En effet, dans ce domaine, nous connaissons une fragilité depuis déjà plusieurs années, alors même que la quasi-totalité de nos engagements sont réalisés en milieu aéroterrestre. À titre d’illustration, la task force Sabre, actuellement engagée au Sahel, a dû adapter ses cinq dernières opérations motorisées en milieu désertique pour tenir compte de la fragilité actuelle de ses véhicules. Cette situation était anticipée depuis un certain temps, ce qui a justifié la forte priorité demandée par le COS sur ce programme à la fois en LPM et lors de son actualisation de l’an passé. Les enjeux de ce programme sont multiples : il s’agit d’abord de remplacer un parc de véhicules parfois très anciens (Peugeot P4 et véhicules légers de reconnaissance et d’appui), peu nombreux, usés et hétérogènes entre les trois composantes d’armées. En outre, avec ces véhicules conçus dès l’origine pour les forces spéciales, nous connaîtrons un bond qualitatif opérationnel indéniable du fait de capacités d’emport adaptées aux besoins de groupes lourdement équipés, et de l’agencement des équipements à bord réellement pensé pour le combat. Enfin, le soutien d’un parc unique en sera plus aisé. Ceci contribuera directement à la réduction de notre empreinte logistique, qualité essentielle des forces spéciales. L’ensemble des acteurs l’état-major des armées, le COS, les armées et la DGA sont mobilisés pour tenir les spécifications et les échéances telles qu’elles ont été prévues, et qui répondent à l’urgence de nos engagements.

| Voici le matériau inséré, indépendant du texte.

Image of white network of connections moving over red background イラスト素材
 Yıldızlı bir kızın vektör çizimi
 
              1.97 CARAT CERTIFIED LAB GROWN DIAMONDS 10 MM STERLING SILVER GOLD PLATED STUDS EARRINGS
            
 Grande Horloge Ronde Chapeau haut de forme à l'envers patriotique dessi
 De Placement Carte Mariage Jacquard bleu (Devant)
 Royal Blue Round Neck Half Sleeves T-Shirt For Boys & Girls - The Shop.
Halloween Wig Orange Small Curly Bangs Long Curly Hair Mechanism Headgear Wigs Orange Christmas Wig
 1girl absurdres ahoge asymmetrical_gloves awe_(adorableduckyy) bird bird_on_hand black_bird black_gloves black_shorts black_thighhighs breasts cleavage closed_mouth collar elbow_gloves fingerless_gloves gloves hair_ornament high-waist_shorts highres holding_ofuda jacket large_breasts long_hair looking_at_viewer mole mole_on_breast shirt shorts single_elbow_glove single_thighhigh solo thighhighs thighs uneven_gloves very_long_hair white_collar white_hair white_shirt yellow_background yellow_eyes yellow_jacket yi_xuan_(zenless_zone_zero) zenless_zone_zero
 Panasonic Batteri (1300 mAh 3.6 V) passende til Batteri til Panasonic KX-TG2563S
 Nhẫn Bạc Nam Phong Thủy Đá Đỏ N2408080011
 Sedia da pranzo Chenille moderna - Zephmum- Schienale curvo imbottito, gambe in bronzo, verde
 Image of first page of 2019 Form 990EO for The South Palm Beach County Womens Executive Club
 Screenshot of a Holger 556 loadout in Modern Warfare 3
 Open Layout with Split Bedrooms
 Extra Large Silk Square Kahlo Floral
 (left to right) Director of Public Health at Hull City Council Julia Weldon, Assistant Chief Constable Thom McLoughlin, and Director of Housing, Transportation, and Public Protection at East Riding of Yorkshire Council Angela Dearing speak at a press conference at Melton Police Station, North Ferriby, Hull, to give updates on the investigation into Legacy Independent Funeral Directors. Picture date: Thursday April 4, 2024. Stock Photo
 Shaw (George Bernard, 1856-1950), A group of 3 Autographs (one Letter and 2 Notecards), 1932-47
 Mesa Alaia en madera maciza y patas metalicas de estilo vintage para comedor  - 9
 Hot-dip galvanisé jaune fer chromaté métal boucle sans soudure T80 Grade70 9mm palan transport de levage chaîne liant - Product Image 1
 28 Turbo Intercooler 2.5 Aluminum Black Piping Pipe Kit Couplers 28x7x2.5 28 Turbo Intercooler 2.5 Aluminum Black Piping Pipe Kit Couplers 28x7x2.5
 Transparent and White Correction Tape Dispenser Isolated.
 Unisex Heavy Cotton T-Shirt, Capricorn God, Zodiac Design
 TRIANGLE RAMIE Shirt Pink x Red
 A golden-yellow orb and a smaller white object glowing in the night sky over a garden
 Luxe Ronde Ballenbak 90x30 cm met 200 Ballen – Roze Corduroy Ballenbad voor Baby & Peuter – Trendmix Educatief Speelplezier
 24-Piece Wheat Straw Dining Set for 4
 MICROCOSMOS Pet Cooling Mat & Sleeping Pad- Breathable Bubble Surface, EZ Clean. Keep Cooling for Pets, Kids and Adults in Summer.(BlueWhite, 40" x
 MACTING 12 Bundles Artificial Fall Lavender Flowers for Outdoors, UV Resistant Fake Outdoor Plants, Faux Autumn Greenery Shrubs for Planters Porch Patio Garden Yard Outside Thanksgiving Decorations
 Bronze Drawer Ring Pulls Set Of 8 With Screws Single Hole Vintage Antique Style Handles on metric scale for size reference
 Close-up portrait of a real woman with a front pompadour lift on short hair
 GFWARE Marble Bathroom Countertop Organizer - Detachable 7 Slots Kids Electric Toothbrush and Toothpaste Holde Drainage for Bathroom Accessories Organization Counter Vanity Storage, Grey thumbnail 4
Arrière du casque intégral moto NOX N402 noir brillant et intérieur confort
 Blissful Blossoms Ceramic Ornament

Cette LPM sera également l’occasion de faire porter un effort sur notre capacité au combat de nuit, qui caractérise la plupart de nos engagements opérationnels. Le parc actuel de jumelles de vision nocturne (JVN) est actuellement obsolète, hétérogène et incomplet. Qui plus est, il subit des conditions très abrasives sur le terrain. Enfin, cette technologie se répandant assez rapidement et n’étant plus l’apanage des seules nations occidentales, le maintien de notre supériorité suppose de pouvoir rester constamment au niveau des dernières évolutions technologiques : miniaturisation, niveau de définition, champ large, etc. Les trois armées sont concernées. Depuis 2014, nous avons entrepris de remplacer l’ensemble de nos JVN par des matériels plus performants. En ce qui concerne le segment hélicoptère, qui est une dimension majeure des opérations spéciales, le regroupement de la flotte Caracal a été acté par les armées, conformément à l’actualisation de la LPM, et six NH90 commandés. Ce regroupement repose sur la faculté à équiper rapidement le 4e régiment d’hélicoptères des forces spéciales de machines de dernière génération telles que le NH90. Un tel appareil est indispensable pour assurer la mise au bon niveau d’exigence et de capacité du COS pour les quinze prochaines années. Le besoin est de l’ordre de 24 appareils, ce qui pourrait par ailleurs correspondre aux besoins d’autres pays étrangers. Pour répondre aux exigences d’une opération spéciale, il est néanmoins nécessaire de compléter les capacités dont dispose cet hélicoptère, qui n’a pas été développé initialement pour cette finalité. Cela suppose de procéder à plusieurs évolutions concernant, sans être exhaustif, l’avionique, les communications, l’armement ou encore l’ajout d’équipements optionnels pour l’aérocordage. Ce dossier, qui n’est pas encore abouti, revêt à mes yeux une importance particulière, car doter le 4e RHFS d’un même parc de machines adaptées à sa mission, afin de pouvoir procéder ensuite au regroupement des Caracal au sein de l’EH 1.67 « Pyrénées », accroîtra considérablement l’aéromobilité des forces spéciales et permettra d’homogénéiser les flottes, ce qui est un gage d’efficacité.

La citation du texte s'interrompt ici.